Successful writers are not the ones who write the best sentences. They are the ones who keep writing. They are the ones who discover what is most important and strangest and most pleasurable in themselves, and keep believing in the value of their work, despite the difficulties.
The fact is, I don’t know where my ideas come from. Nor does any writer. The only real answer is to drink way too much coffee and buy yourself a desk that doesn’t collapse when you beat your head against it.
Writing is like hunting. There are brutally cold afternoons with nothing in sight, only the wind and your breaking heart. Then the moment when you bag something big. The entire process is beyond intoxicating.
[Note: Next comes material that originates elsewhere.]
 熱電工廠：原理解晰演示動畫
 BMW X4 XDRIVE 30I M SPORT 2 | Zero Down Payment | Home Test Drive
If you want to write, if you want to create, you must be the most sublime fool that God ever turned out and sent rambling. You must write every single day of your life. You must read dreadful dumb books and glorious books, and let them wrestle in beautiful fights inside your head, vulgar one moment, brilliant the next. You must lurk in libraries and climb the stacks like ladders to sniff books like perfumes and wear books like hats upon your crazy heads. I wish you a wrestling match with your Creative Muse that will last a lifetime. I wish craziness and foolishness and madness upon you. May you live with hysteria, and out of it make fine stories - science fiction or otherwise. Which finally means, may you be in love every day for the next 20,000 days. And out of that love, remake a world.
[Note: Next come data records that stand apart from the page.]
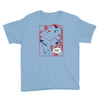 death star sorrows Youth Tee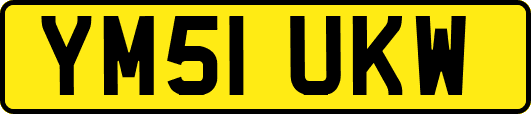 YM51UKW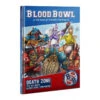 BLOOD BOWL: DEATH ZONE (FRANCAIS) -Wargame Spirit Boutique blood bowl death zone francais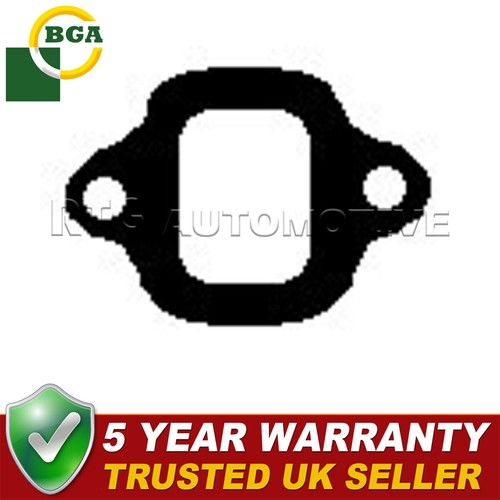 Bga inner inlet manifold - bga,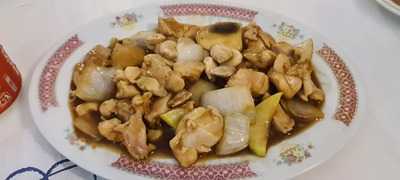 Restaurante Chino Feliz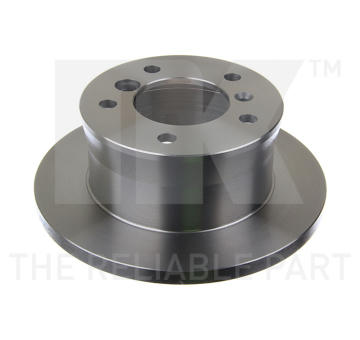 Brzdový kotouč NK 203396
I have advice for people who want to write. I don’t care whether they’re 5 or 500. There are three things that are important: First, if you want to write, you need to keep an honest, unpublishable journal that nobody reads, nobody but you. Where you just put down what you think about life, what you think about things, what you think is fair and what you think is unfair. And second, you need to read. You can’t be a writer if you’re not a reader. It’s the great writers who teach us how to write. The third thing is to write. Just write a little bit every day. Even if it’s for only half an hour — write, write, write.
I’ve never known a writer who didn’t feel ill at ease in the world. … We all feel unhoused in some sense. That’s part of why we write. We feel we don’t fit in, that this world is not our world, that though we may move in it, we’re not of it. … You don’t need to write a novel if you feel at home in the world.